I also carried various chargers and cables, but the above is what I carried in my backpack every day on the show floor. For the first day anyway – it turned out that I only needed the iPad to fix some image-uploading problems (our live-blog plugin didn’t seem to respect image orientation tags in JPGs, so some of my iPhone shots ended up displaying upside-down. This was a pain to fix on the iPhone screen).

mycharge case

It also turned out that I could make it through a full day (4–5 hours walking the floors and snapping/writing) using a fully-charged iPhone plus a single go on the MyCharge battery case, so I ditched the bigger Unu battery pack as well as the external keyboard after the first day.

The Method

The blogging went like this: I took photos with the iPhone camera, and also with the Fujifilm X100S. When I took a photo with the camera, I’d launch the Eye-Fi app on the iPhone, wait for it to connect to the Wi-Fi hotspot in the SD card and transfer its photos across. There are other, better apps than the official Eye-Fi one, but it has one great advantage – it saves the pictures straight to the iPhone’s camera roll.

Considering the amount of wireless radiation jamming the airwaves ant the Mobile World Congress, the Eye-Fi to iPhone connection was surprisingly quick to hook up. Theoretically you can leave the iPhone in your pocket with it’s screen sleeping and it’ll automatically connect to the card every time it’s powered up. I just held the two of them close together when making a transfer and the results were all but flawless.

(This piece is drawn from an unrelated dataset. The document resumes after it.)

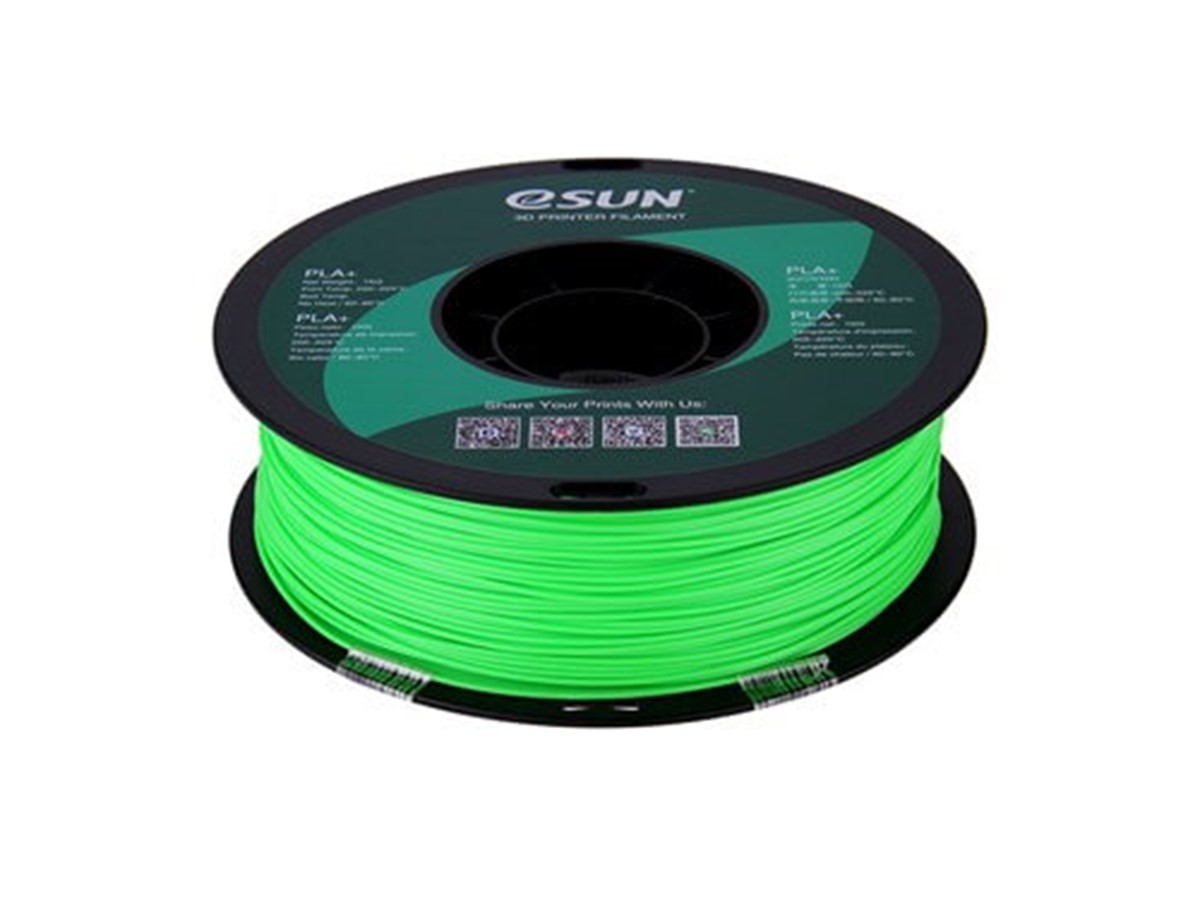 eSUN  Pla+ Filament 1.75mm 1 KG - Light Green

From there. I could quickly polish the picture in Snapseed, which is as easy to use on the iPhone as it is on the iPad, and save the result back to the camera roll. And that’s about it. Our live-blog back end runs inside WordPress, and it’s a lot like using Twitter in a really ugly web interface. There’s an image upload button and a text field and that’s about it.

Notes

I was amazed that I could cover the entire show with my iPhone plus some help from a regular camera. I tended to use the X100S for people shots and pictures where I needed to throw the background out of focus with a wide aperture. The iPhone is better for close-ups. This wasn’t hard and fast though. Several candids were taken with the iPhone and I snapped a few macro shots with the X100S in macro mode.

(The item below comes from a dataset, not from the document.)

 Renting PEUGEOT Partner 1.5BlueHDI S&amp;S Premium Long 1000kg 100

One thing that I found utterly essential was 3G coverage. I popped my old Tuenti SIM back into my iPhone to enjoy local data charges (1GB for around €8) (I used the Movistar-based MVNO when I lived in Barcelona),and it was fast and permanently connected. Killian relied on the venue’s free Wi-Fi coverage, but it was spotty at best, as you might expect. Having a good 3G signal meant I could post little and often, hopefully giving anyone following along the feeling of being there with us.

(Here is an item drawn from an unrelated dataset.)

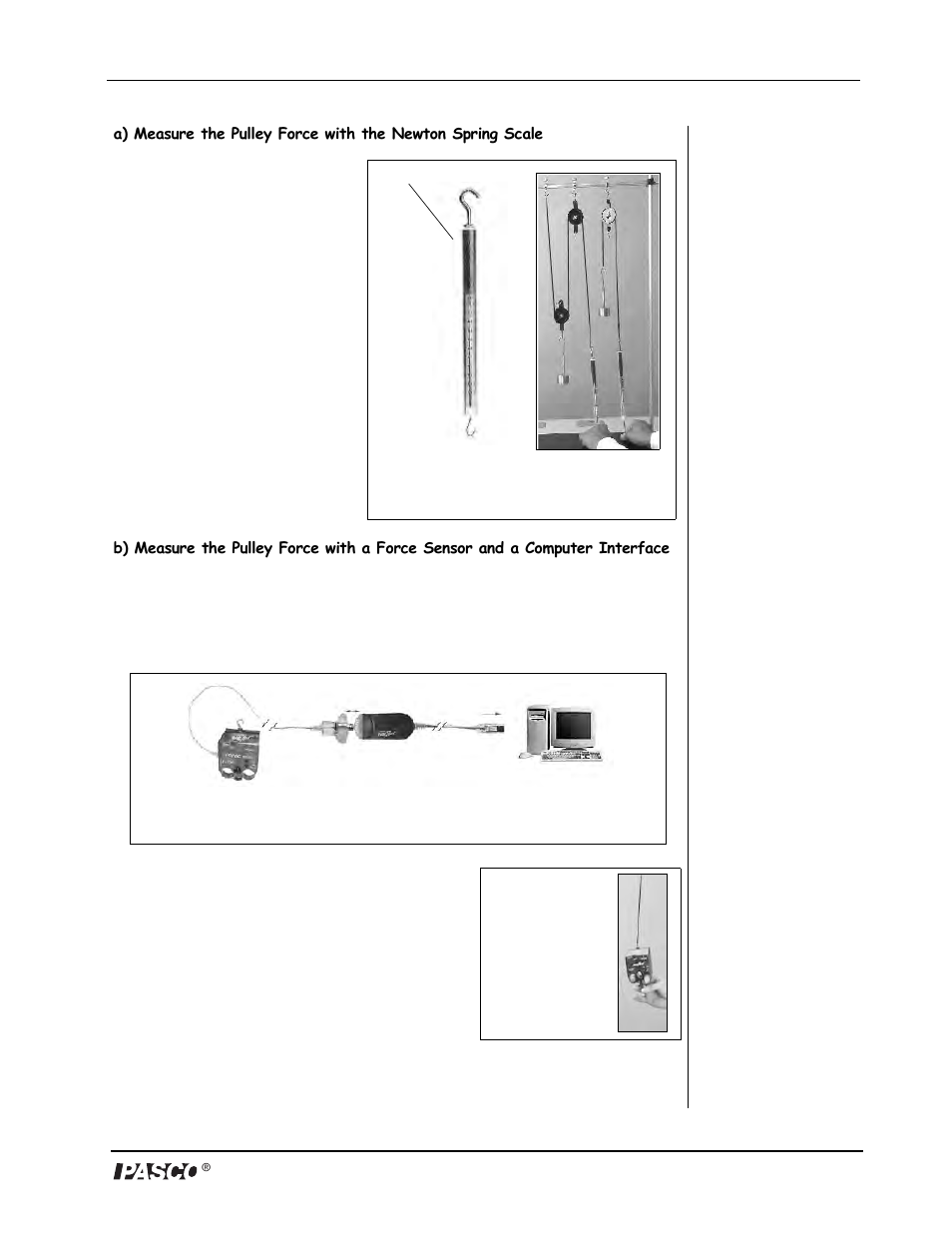 PASCO SE-8685 Pulley Demonstration System User Manual | Page 9 / 14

The iPhone was great, but I wish I’d taken an iPad mini along instead. The bigger screen would have helped for photos and for tapping out slightly longer entries, and the big battery would have meant I could have skipped the backup battery packs. I’d say that the 16GB or 32GB original mini in cellular flavor would be just about the perfect mobile tool for this job, although maybe its limited RAM would have caused too many app and page reloads when swapping between the Eye-Fi app, Snapseed and Mobile Safari.

The only other thing I want to mention is that, if you’re using the X100S with an Eye-Fi card, you should bring extra batteries. I was going through two batteries in a 4–5 hour session, but the camera was only powered up during shooting and transfers, and I used the lower-power optical viewfinder over the electronic one most of the time.

A few years ago, when I first started covering the Mobile World Congress in Barcelona, I would turn up with a DSLR, a couple of lenses, a CF card reader, a MacBook (and power cable) and a backpack to carry it all in. I’d have to go to the press lounge to find a power outlet and an Ethernet jack (the Wi-Fi back then was so bad it wasn’t worth trying, even in the press lounge).

Now I can literally turn up with the iPhone in my pocket and cover everything, and arguably do it better. I didn’t really need the X100S to do the job, but I took it anyway because it made the job more fun. That’s pretty neat right there.